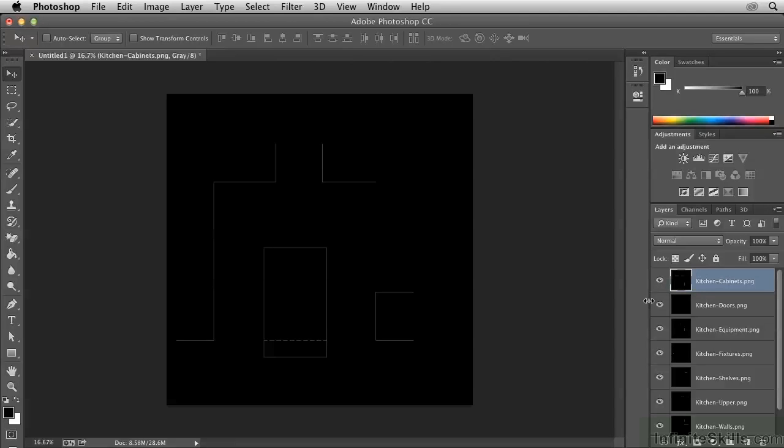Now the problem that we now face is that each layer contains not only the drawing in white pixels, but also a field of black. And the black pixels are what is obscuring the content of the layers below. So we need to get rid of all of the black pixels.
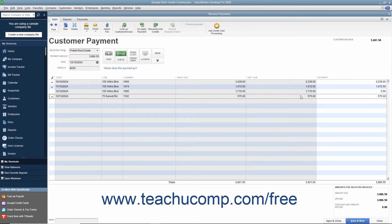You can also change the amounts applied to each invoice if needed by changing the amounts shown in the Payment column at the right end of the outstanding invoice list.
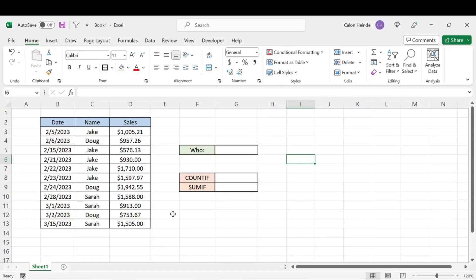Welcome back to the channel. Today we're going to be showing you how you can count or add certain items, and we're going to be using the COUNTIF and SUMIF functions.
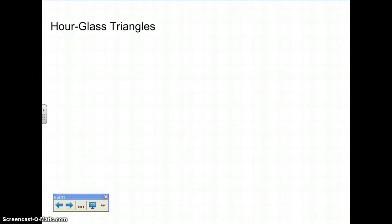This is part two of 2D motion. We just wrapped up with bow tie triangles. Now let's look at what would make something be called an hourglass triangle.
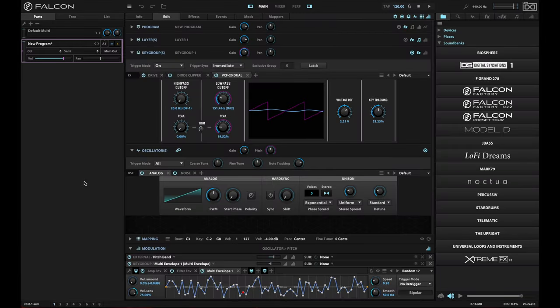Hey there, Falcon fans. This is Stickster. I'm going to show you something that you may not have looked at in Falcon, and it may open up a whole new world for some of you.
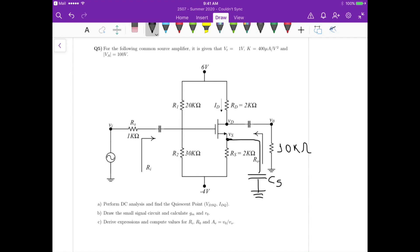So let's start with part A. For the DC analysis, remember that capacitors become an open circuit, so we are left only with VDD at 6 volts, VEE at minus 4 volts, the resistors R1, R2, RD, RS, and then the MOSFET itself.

### Task:
Give the listing again word for word. Skip any pictures.

### Response for this exercise:
Now the problem that we now face is that each layer contains not only the drawing in white pixels, but also a field of black. And the black pixels are what is obscuring the content of the layers below. So we need to get rid of all of the black pixels.
You can also change the amounts applied to each invoice if needed by changing the amounts shown in the Payment column at the right end of the outstanding invoice list.
Welcome back to the channel. Today we're going to be showing you how you can count or add certain items, and we're going to be using the COUNTIF and SUMIF functions.
This is part two of 2D motion. We just wrapped up with bow tie triangles. Now let's look at what would make something be called an hourglass triangle.
Hey there, Falcon fans. This is Stickster. I'm going to show you something that you may not have looked at in Falcon, and it may open up a whole new world for some of you.
So let's start with part A. For the DC analysis, remember that capacitors become an open circuit, so we are left only with VDD at 6 volts, VEE at minus 4 volts, the resistors R1, R2, RD, RS, and then the MOSFET itself.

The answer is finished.